Output the run of lines that opens with the first line of the material below and closes with the line containing "3418 Mcmahon Way, Missouri", both included, and drop the pictures.

**Source data:**
+++

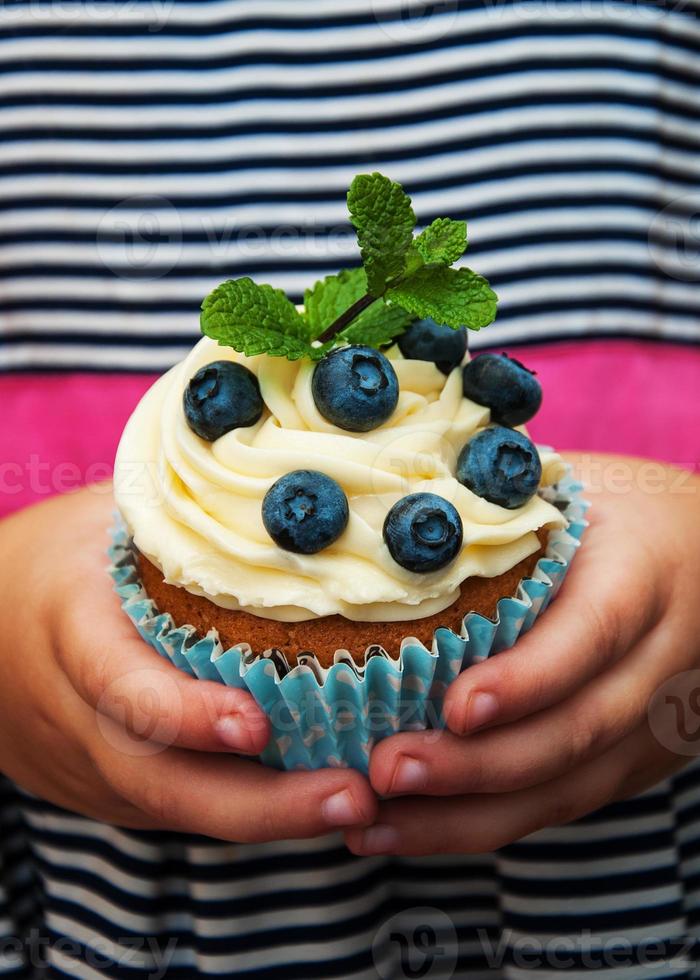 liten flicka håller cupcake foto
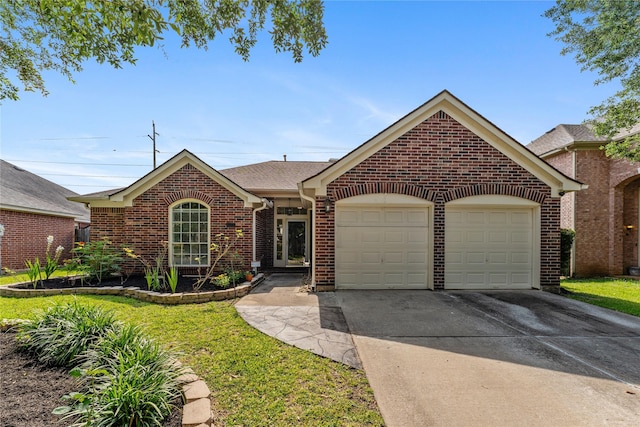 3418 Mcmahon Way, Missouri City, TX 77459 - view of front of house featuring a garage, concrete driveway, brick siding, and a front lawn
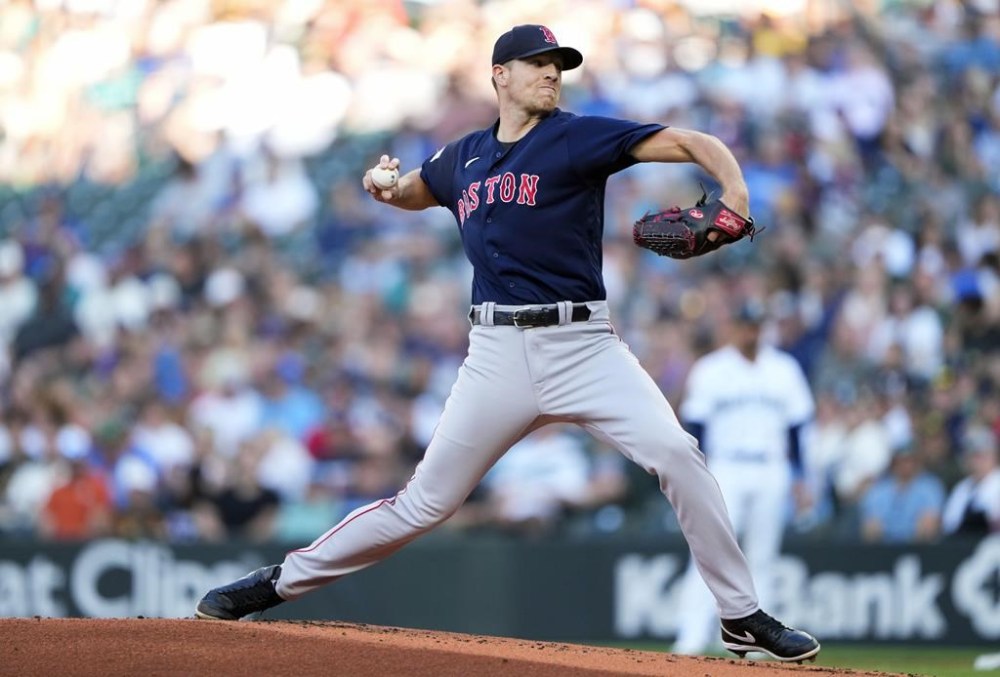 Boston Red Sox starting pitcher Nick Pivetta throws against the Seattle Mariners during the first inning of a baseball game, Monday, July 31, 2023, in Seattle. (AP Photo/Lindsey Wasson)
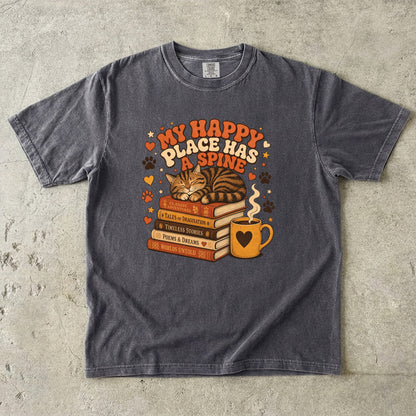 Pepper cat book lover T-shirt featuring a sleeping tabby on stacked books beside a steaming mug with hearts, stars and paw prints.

+++

**Your solution:**
 liten flicka håller cupcake foto
 3418 Mcmahon Way, Missouri City, TX 77459 - view of front of house featuring a garage, concrete driveway, brick siding, and a front lawn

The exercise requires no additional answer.